Task input:
----

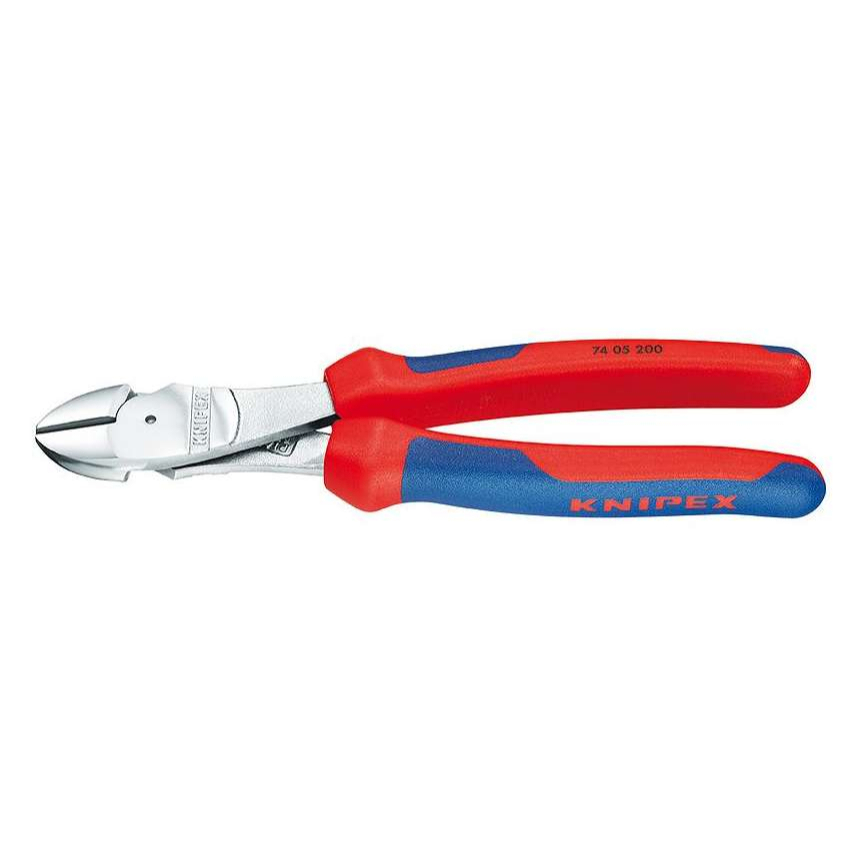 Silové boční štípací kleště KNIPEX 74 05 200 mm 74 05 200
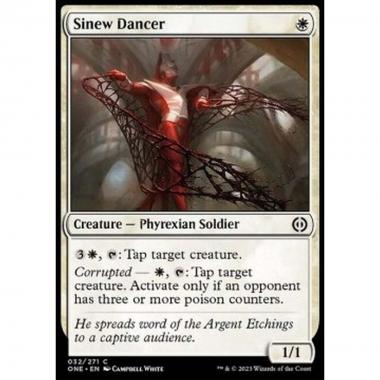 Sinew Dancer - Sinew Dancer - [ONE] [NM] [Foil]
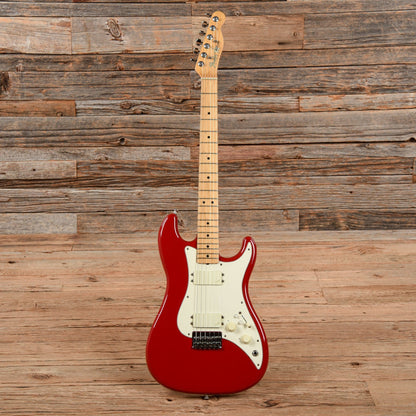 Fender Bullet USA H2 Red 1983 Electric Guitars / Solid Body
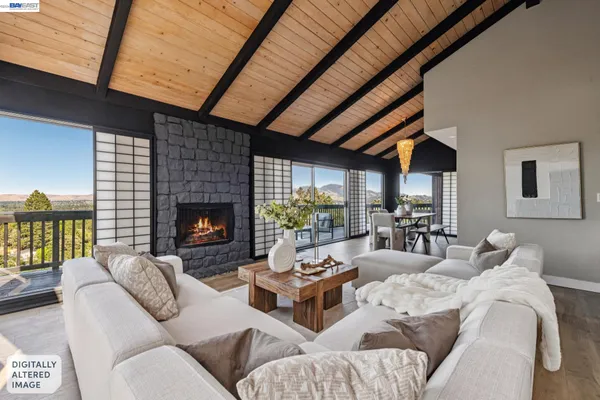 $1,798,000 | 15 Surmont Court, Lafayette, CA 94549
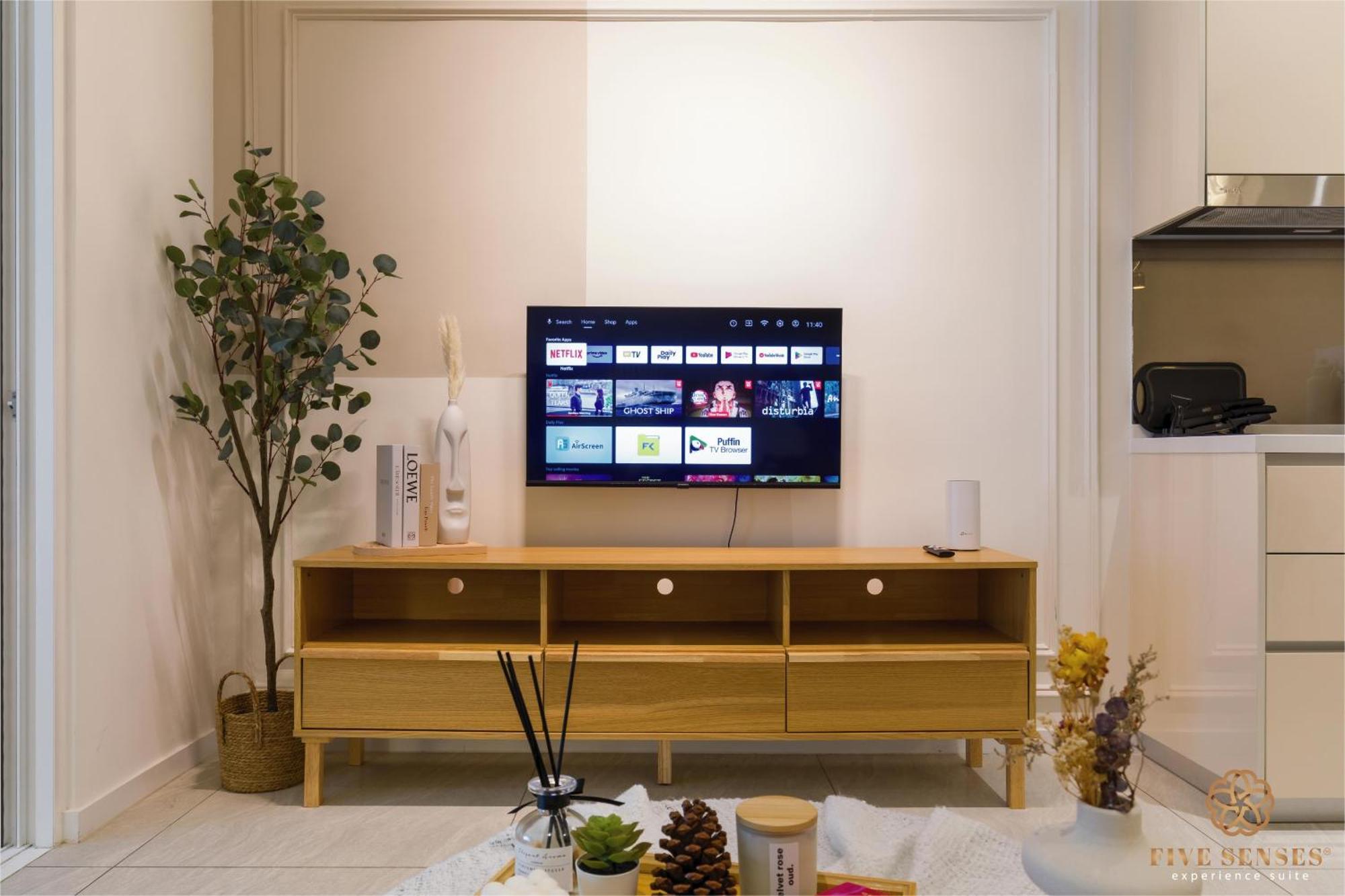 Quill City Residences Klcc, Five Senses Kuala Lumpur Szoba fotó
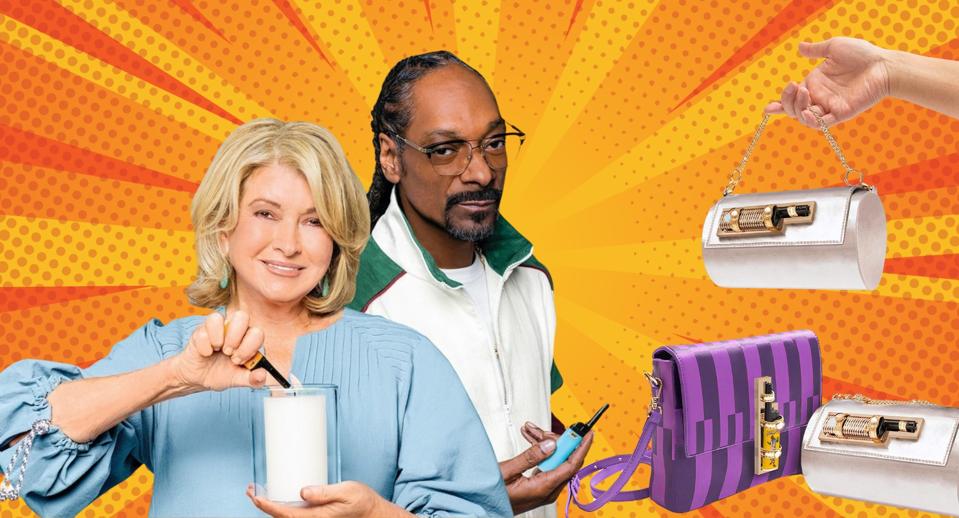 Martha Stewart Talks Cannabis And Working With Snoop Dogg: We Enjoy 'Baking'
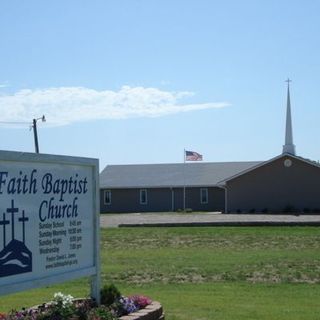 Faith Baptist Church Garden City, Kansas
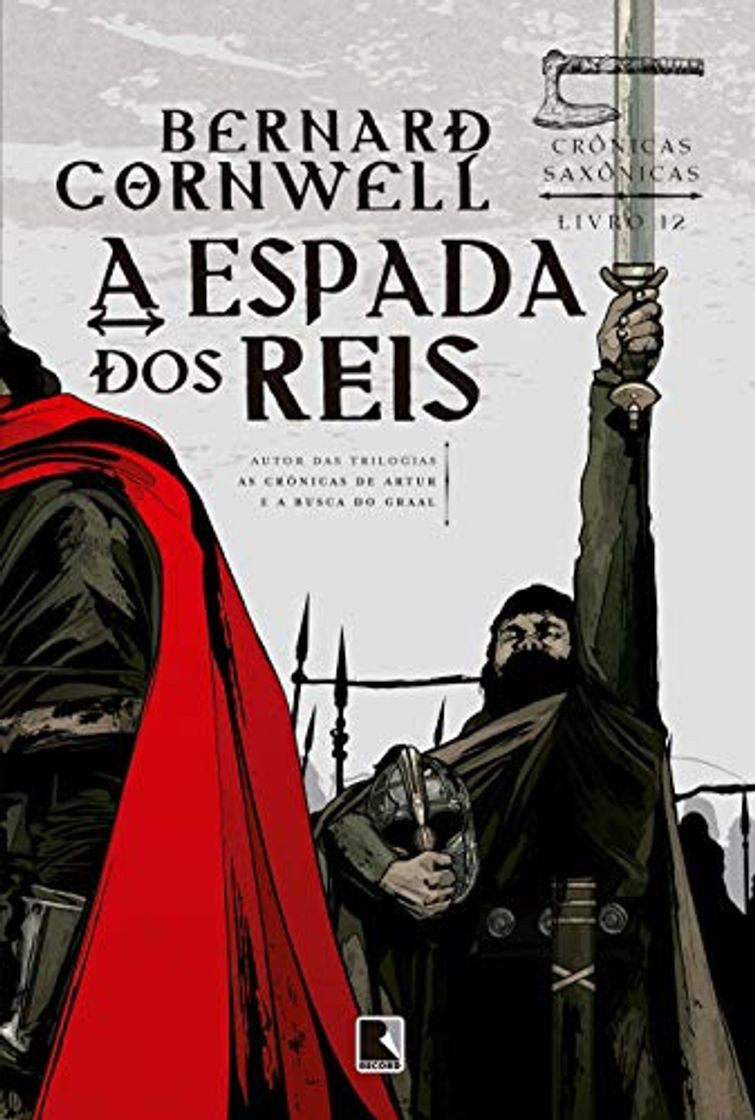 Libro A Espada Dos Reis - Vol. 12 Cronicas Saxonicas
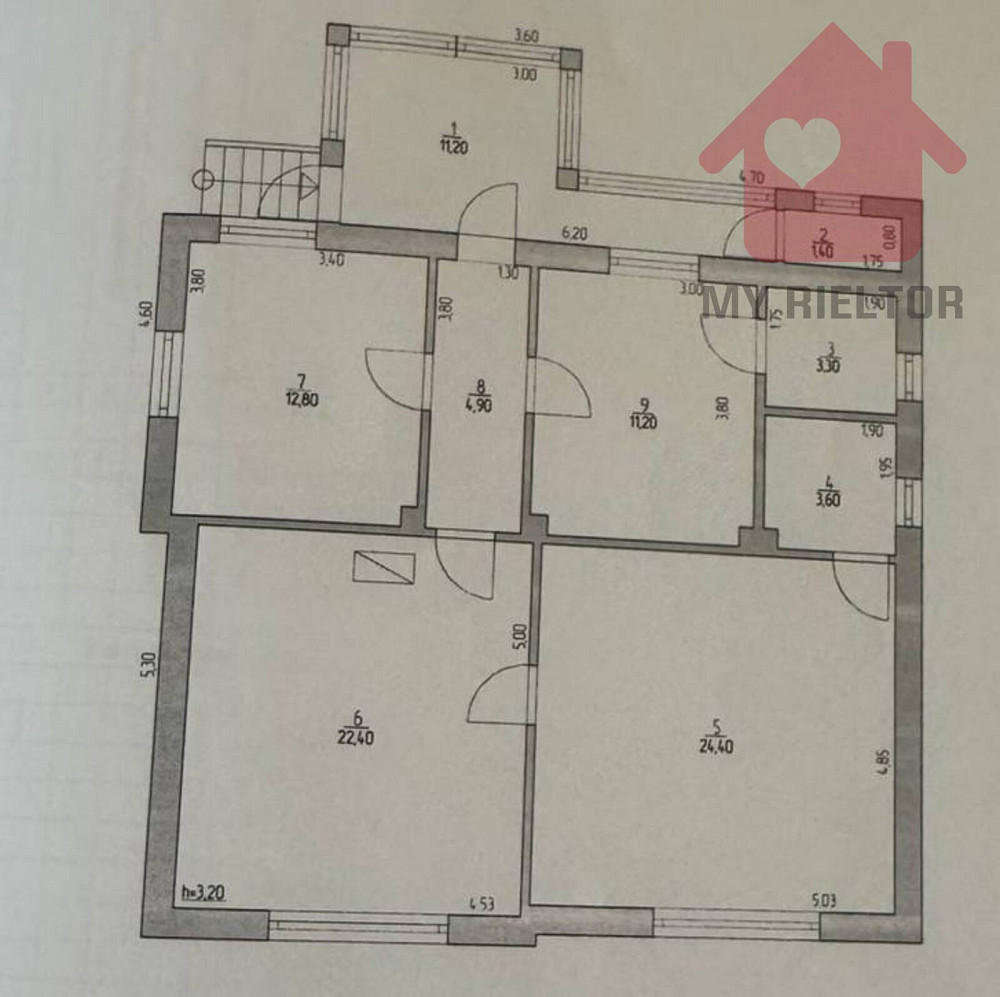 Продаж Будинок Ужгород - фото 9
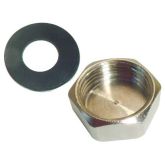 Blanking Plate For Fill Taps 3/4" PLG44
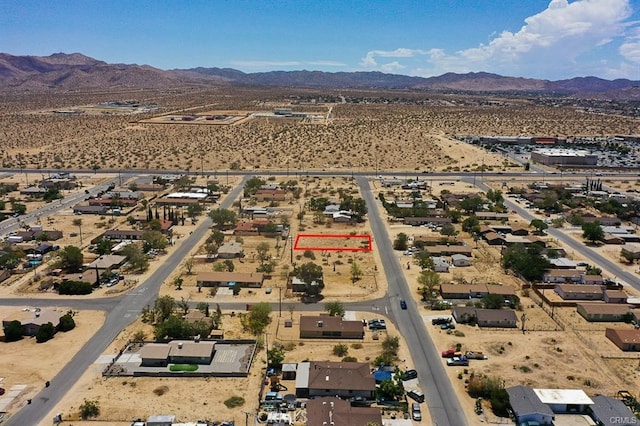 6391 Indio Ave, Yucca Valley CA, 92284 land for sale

----

Exercise details: Only an exact copy is needed: the lines from the opening of the listing through the line with "Libro A Espada", both included, minus the pictures.

Solution to the exercise:
 Silové boční štípací kleště KNIPEX 74 05 200 mm 74 05 200
 Sinew Dancer - Sinew Dancer - [ONE] [NM] [Foil]
 Fender Bullet USA H2 Red 1983 Electric Guitars / Solid Body
 $1,798,000 | 15 Surmont Court, Lafayette, CA 94549
 Quill City Residences Klcc, Five Senses Kuala Lumpur Szoba fotó
 Martha Stewart Talks Cannabis And Working With Snoop Dogg: We Enjoy 'Baking'
 Faith Baptist Church Garden City, Kansas
 Libro A Espada Dos Reis - Vol. 12 Cronicas Saxonicas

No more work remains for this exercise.